Each player then takes their turn simultaneously chooses one of the four columns of cards and resolves them. Each card in the column must be resolved but can be resolved in any order. The Cat deck contains various coloured and shaped cats, Oshax and Treasures. Oshax can be any colour but when they are drawn a colour must be selected and cannot be changed. Treasures come in common and rare and may trigger end game scoring objectives gained from Lesson cards.

Cats are drawn on your player board in the corresponding colour. The first cat drawn can be placed anywhere on your board. All subsequent cats must be adjacent to a previously drawn cat or treasure. Players are trying to group the same coloured cats together to score points at the end of the game.

The cats, treasures and Oshax shapes can be rotated and flipped but must not be drawn off the edge of the board or covering other drawn shapes. The player board also contains coloured treasure maps and if you cover a treasure map with the corresponding coloured cat you immediately get to draw a common treasure.

If a Lesson card is selected the player simply ticks the corresponding lesson on their lesson sheet. Lesson cards can score some big points at the end of the game and must not be neglected. It is a balance between drafting the cats that you require to score big points for families and drafting lesson cards to score the end game objectives.

A player’s ship board is made up of six different rooms, all represented by an icon (except one that does not have an icon). Players will also be trying to fill up entire rooms as any rooms that are not completely full at the end of the game will score negative points.
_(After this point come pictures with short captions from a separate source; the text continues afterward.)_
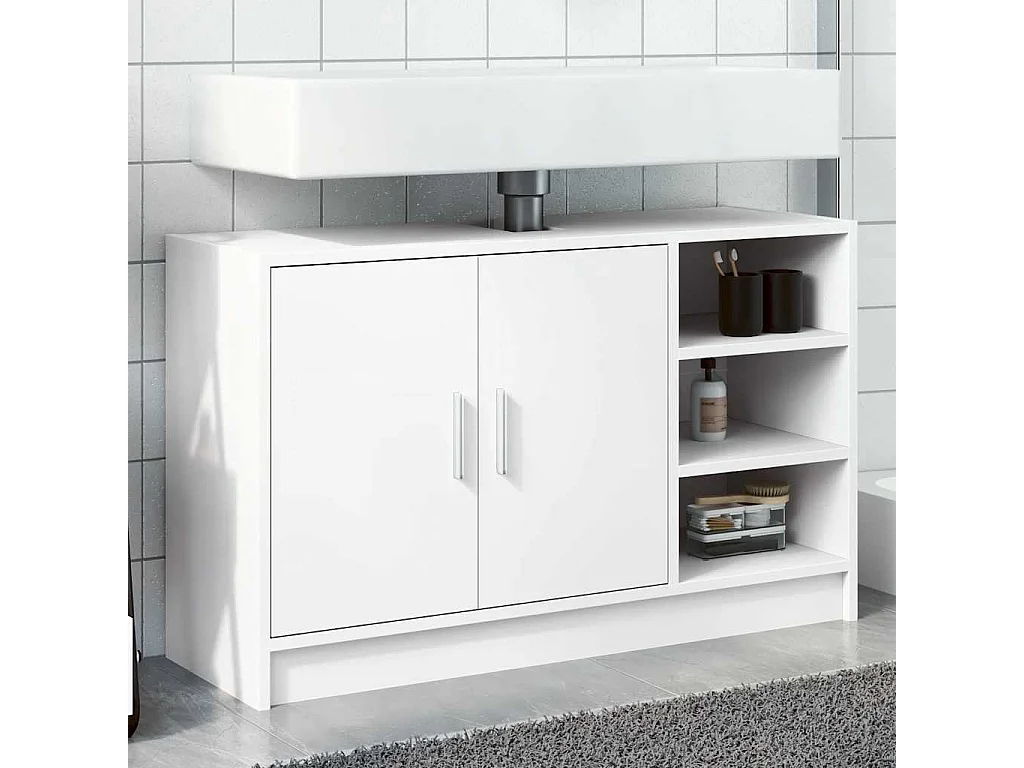 Waschbeckenunterschrank Weiß 90x29x55 cm Holzwerkstoff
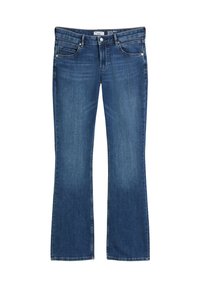 Blaue Denim-Bootcut-Jeans mit fünf Taschen, ausgefranstem Design und einem Reißverschluss. Die Nähte sind etwas heller als die Stofffarbe.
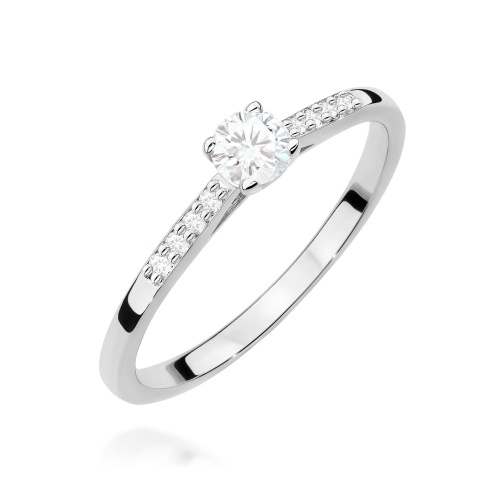 Pierścionek W0668 z diamentami białe złoto 375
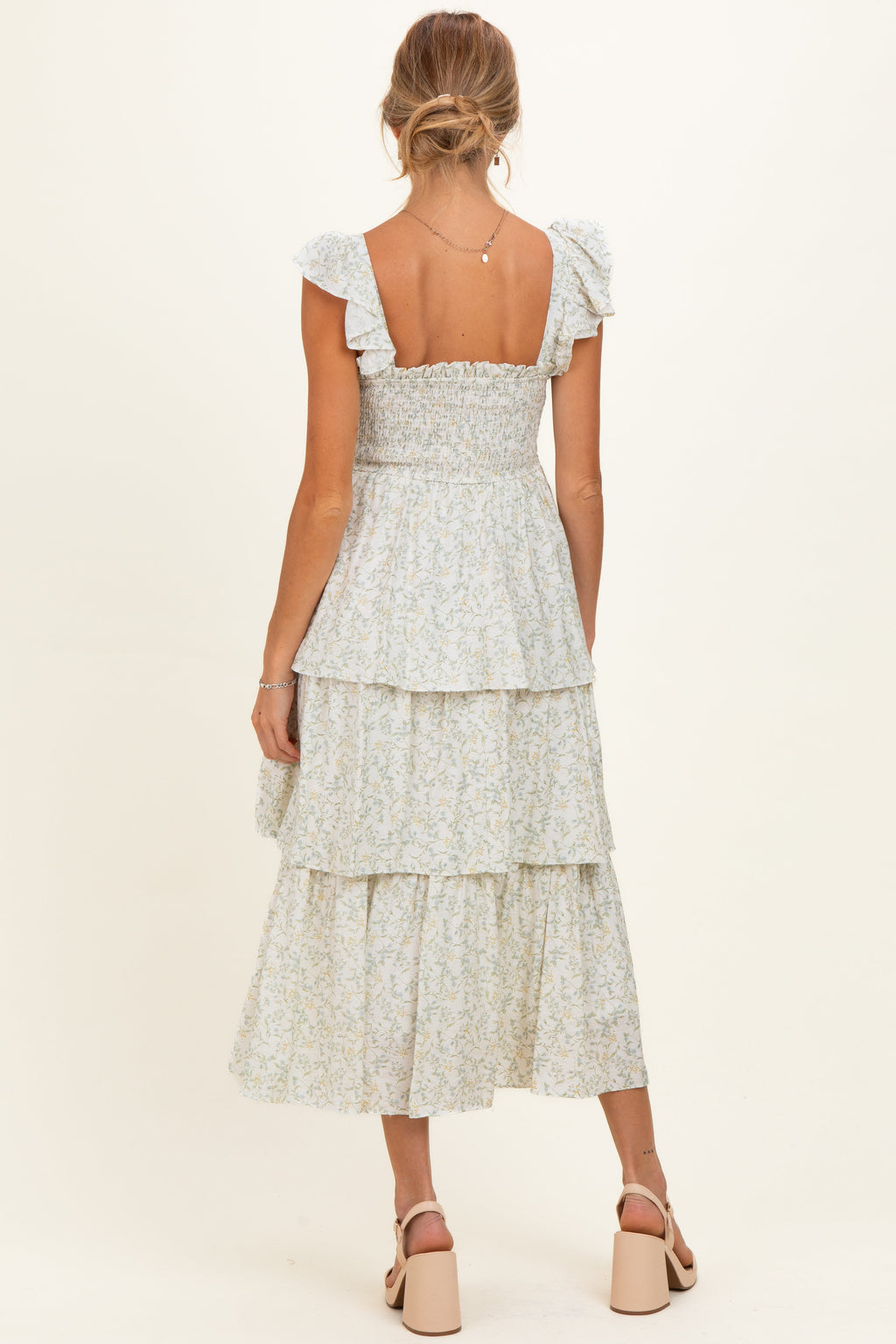 Ivory Floral Smocked Flowy Tier Maternity Midi Dress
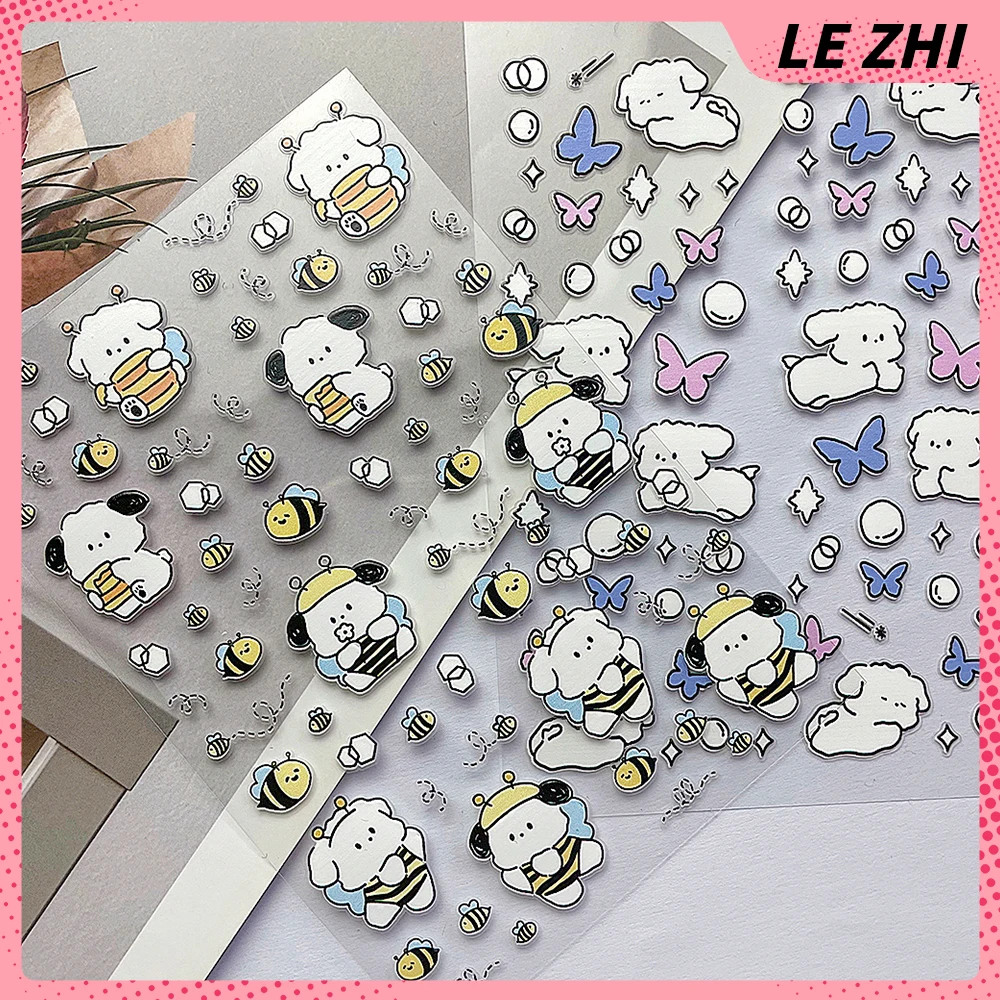 

3D Kawaii Cartoon Anime Stickers Nail Art Decoration Diy Animal Duck Butterfly Bees Dog Press On Manicure Stickers Girl Gift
Trying to cover up all the available spots in a given room before the end of the game is a hard task but there are some rooms that are smaller than others and (sometimes) easier to fill. If you have a single square available, then it is worth trying to fill this in before the game ends to save yourself losing five points.

After each player has selected a column and resolved all the cards, The Island is discarded and a new round is set up. A new Island is created, the Vesh token moves along one space and then play continues. The game ends when the Vesh token moves to the last space and end game scoring is triggered.

Points are awarded for families of cats, with at least three cats grouped together to be classed as a family. Three cats score eight points, four cats score eleven points and so on. Rare treasures score three points each, lessons are scored based on the objectives detailed. Points are deducted with each visible rat scoring negative one and each room that has not been filled scoring negative five points. The player with the most points is the winner.

Solo Play

Explore & Draw has a solo mode with some slight tweaks to gameplay. As part of setup the solo colour cards are drawn and laid out in a row with the first one being revealed. For the easy mode, three solo lesson cards are revealed. For advanced play more lesson cards are revealed. A player’s turn runs pretty much in the same way as in multiplayer. At the end of each day the next card in the solo colours row is revealed. All other rules described above are unchanged for solo play.

Solo scoring for the player works in the same way as multiplayer. For the AI, points are awarded for each of the lesson cards based on what you as the player has done. Points are awarded for the solo colour cards based on the order they are revealed and the colour of cat you have in your boat. The first card revealed is worth five points per cat of that colour that you have drawn. The second cat revealed is worth four and so on.

Compare your points and the AI points and the if you have more points you win.